There are highly sophisticated tools that help running data centers and very large microservice infrastructure, such as Istio or Consul. These tools are tremendously powerful in managing service meshes. However, they might not be applicable in every scenario. In our case, we have a set of services that need high isolation from each other, only a few machines and non-containerized software running on windows servers using .NET 4. In addition we had specific requirements on the load balancing containing some domain logic rather than the often used Layer 4 load balancers. So we wanted to build a simple system that does all that but that can be easily adapted to our needs.

So in short, we need

  • A cluster manager that performs the heart beat to check that all specified nodes are up and healthy. It shall re-start any node that is not running by simply re-starting the process.
  • A look-aside load balancer that knows the health state and the load of the individual nodes and provides the host name and port of the least busy (or otherwise most appropriate) node to the asking client.

A simple distributed system

This title sounds like a contradiction in itself. If you want to build a distributed system, this 20 video MIT lecture is a highly recommended starting point. However, we are humble application programmers that are mostly overwhelmed by the challenges of our daily life already.

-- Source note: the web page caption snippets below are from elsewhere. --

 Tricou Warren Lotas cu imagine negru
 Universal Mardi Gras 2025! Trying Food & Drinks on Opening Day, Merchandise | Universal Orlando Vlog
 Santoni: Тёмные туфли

So we needed to build on top of something flexible that works rather than re-invent the hard part. Etcd is coming to the rescue. Etcd is a distributed key-value store that handles the hard and scary stuff, such as leader elections and split brains and other things we don’t even want to know too much about.

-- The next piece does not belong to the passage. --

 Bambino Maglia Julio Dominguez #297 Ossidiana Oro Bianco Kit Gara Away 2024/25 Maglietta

Etcd has simple-to-use endpoints in gRPC that wrap the basic put and get. It also comes with a command line client that helps in monitoring and configuring the etcd service process.

We have built our service registry as an Etcd key-value store. Both the load balancers and the cluster manager (during the heart beat operation) can access the list of services both on local and remote machines, check their health and act accordingly. For the look-aside load balancer this means asking for a load report of each service and serve the address that has the least amount of load at the particular moment. For the cluster manager this could mean stopping (or killing) an unresponsive process and re-starting it.

Using the simple dotnet-etcd API we could implement our domain logic in a few days while not being encumbered by the complexity of the underlying distributed system on which our service registry is based. Nevertheless the system will be able to scale up over time with more and more servers. All load balancers have simple access to all microservices and the cluster manager can ensure that all the registered services can be reached and report their health status. The clients just know the list of load balancers which will be contacted in a round-robin fashion in case one of them is not available (e.g. due to a service downtime).

Using Etcd is another example of our best-in-class approach for using great, established tools and frameworks that do specific things very well. This leaves us with the implementation of the domain logic in exactly the ways that serve our customers best. It is still not trivial to set up the Etcd configuration correctly for TLS and logging. But we believe that this approach is certainly superior to the introduction of big complex systems that require a lot of training and perform many tasks that are not actually needed. On the other hand, it is obviously not feasible to re-implement the problem of distributed computing for the mentioned requirements. Our current approach leaves us with more time and energy to solve the hard problems that lie at the heart of our domain, such as geometric operations and the verification of geospatial data.

A final note: The consul was the highest office in the roman administrative hierarchy. The quaestor on the other hand was the lowest ranking position with the least amount of power. Hence the name of the quaestor-mini-cluster repository.